Mengutip pepatah Jawa witing tresno jalaran soko kulino, bagaimana anak-anak kita dan generasi mendatang bisa mengenali apalagi mencintai dan melestarikan bahasa ibunya, bahasa daerahnya masing-masing kalau kulino atau sering bersentuhan saja tidak pernah? Di sini, peran lingkungan dan keluarga juga sangat diperlukan sebagai katalisator terdekat dalam penanaman pembiasaan berbahasa daerah dalam alam bawah sadar anak-anak kita yang masih mudah untuk dibentuk, karena lingkungan dan keluarga adalah ruang yang paling intensif dan efektif bagi semua anggota keluarga untuk membangun sebuah kebiasaan berkomunikasi memakai bahasa ibu-nya sendiri.
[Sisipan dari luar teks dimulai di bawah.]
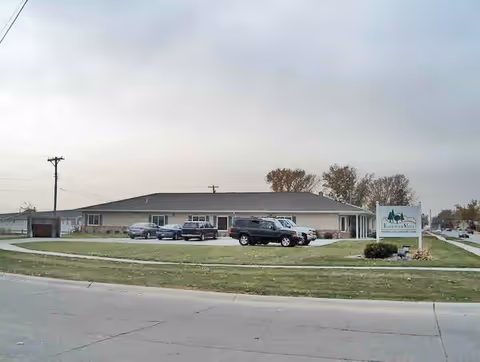 Exterior view of a single-story building with a parking lot in front containing several cars. There is a sign on the lawn that reads Edgewood Vista Norfolk. The sky is overcast and there are some trees in the background.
Mungkin bangsa ini, khususnya kita masyarakat Banjar perlu menjadikan semboyan “kayuh baimbai, waja sampai kaputing” sebagai tagline motivasi untuk menyelamatkan nasib berbagai produk seni dan budaya daerah (termasuk bahasa) di Indonesia. Pepatah atau semboyan dalam bahasa Banjar diatas sangat familiar bagi masyarakat Kota Banjarmasin dan Kalimantan Selatan. Selain tersemat dalam lambang resmi daerah, keduanya merupakan roh dari perjalanan panjang perjuangan masyarakat Kota Banjarmasin dan Kalimantan Selatan dalam membentuk tatanan kehidupan yang bermartabat dan berbudaya luhur. Makna literal dari “kayuh baimbai” adalah kayuh (sampan) bersama-sama/berbarengan. Ungkapan semboyan ini merupakan pengejawantahan dari harmoni yang tercipta dalam aktifitas mendayung perahu di sungai sebagai bagian dari budaya perairan, identitas masyarakat Kota Banjarmasin dan suku Banjar secara umum. Sedangkan “waja sampai kaputing” artinya, (benda yang terbuat dari) baja dari pangkal sampai ujung. Diadopsi dari semboyan haram manyarah lawan walanda, waja sampai kaputing” milik Pangeran Antasari, (Pahlawan Nasional dari Kalimantan Selatan) dalam perang Banjar melawan kolonial Belanda tahun 1859-1905. Secara umum makna filosofis dari “kayuh baimbai, waja sampai kaputing”  adalah mari berasama-sama, bekerja keras pantang menyerah sampai titik darah penghabisan.
Apakah ini berlebihan? Saya kira tidak, karena bahasa ibu, bahasa daerah kita adalah identitas kita, simbol harkat dan martabat kita yang harus terus dijaga dan dilestarikan keberadaannya.